**Your goal**
The reply should hold only the lines from the one with "Silver metallic folding" to the one with "the image of", both ends kept, exactly as they appear below, without any pictures.
:: Extracted material
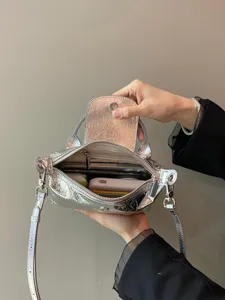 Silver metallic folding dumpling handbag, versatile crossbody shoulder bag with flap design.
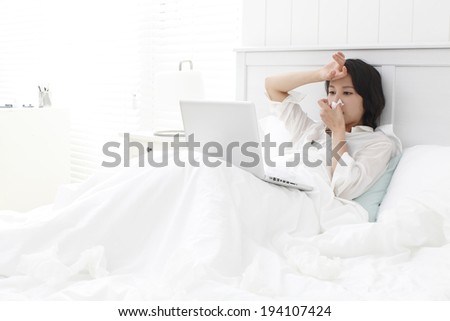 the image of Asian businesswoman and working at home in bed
::::
:: Extracted material
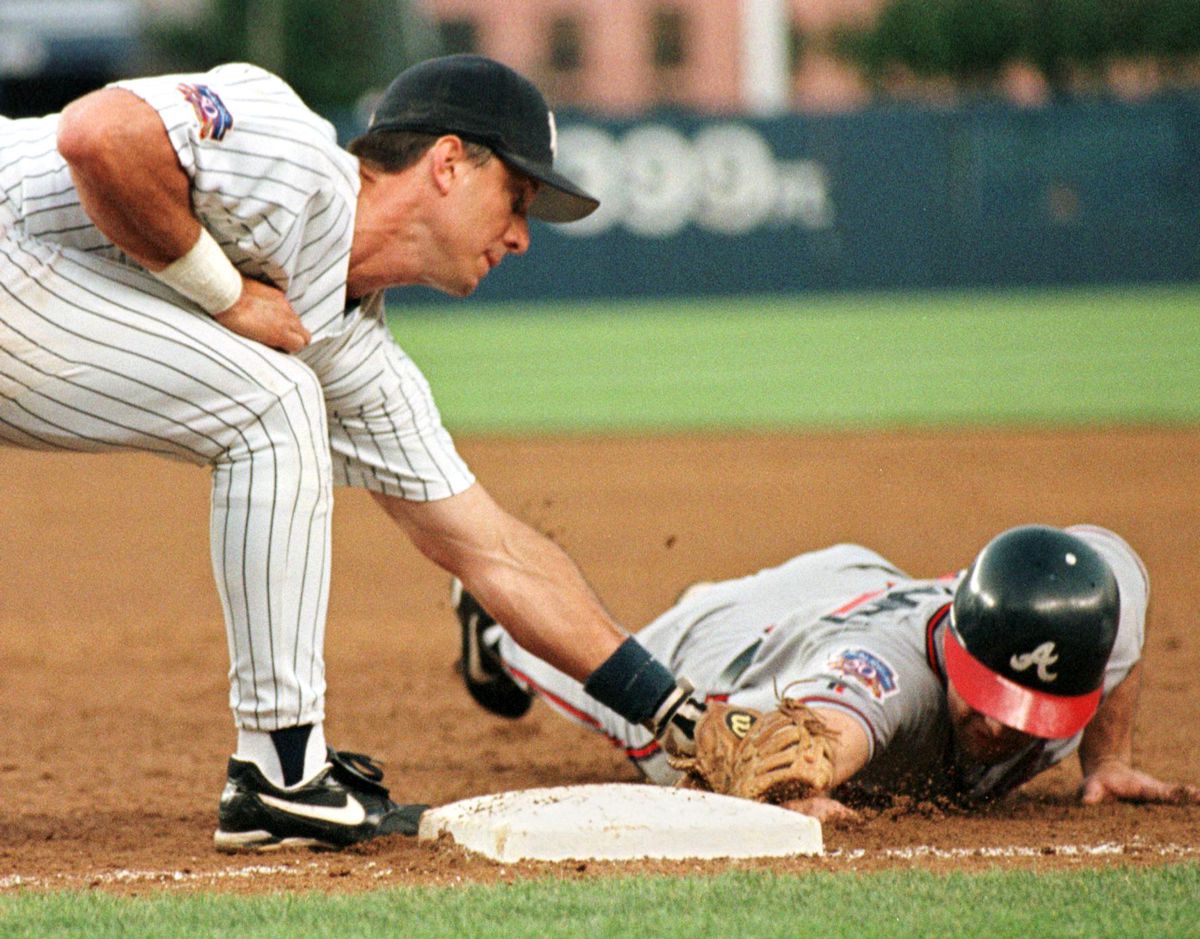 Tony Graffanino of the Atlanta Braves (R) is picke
::::
**Solution to this task**
 Silver metallic folding dumpling handbag, versatile crossbody shoulder bag with flap design.
 the image of Asian businesswoman and working at home in bed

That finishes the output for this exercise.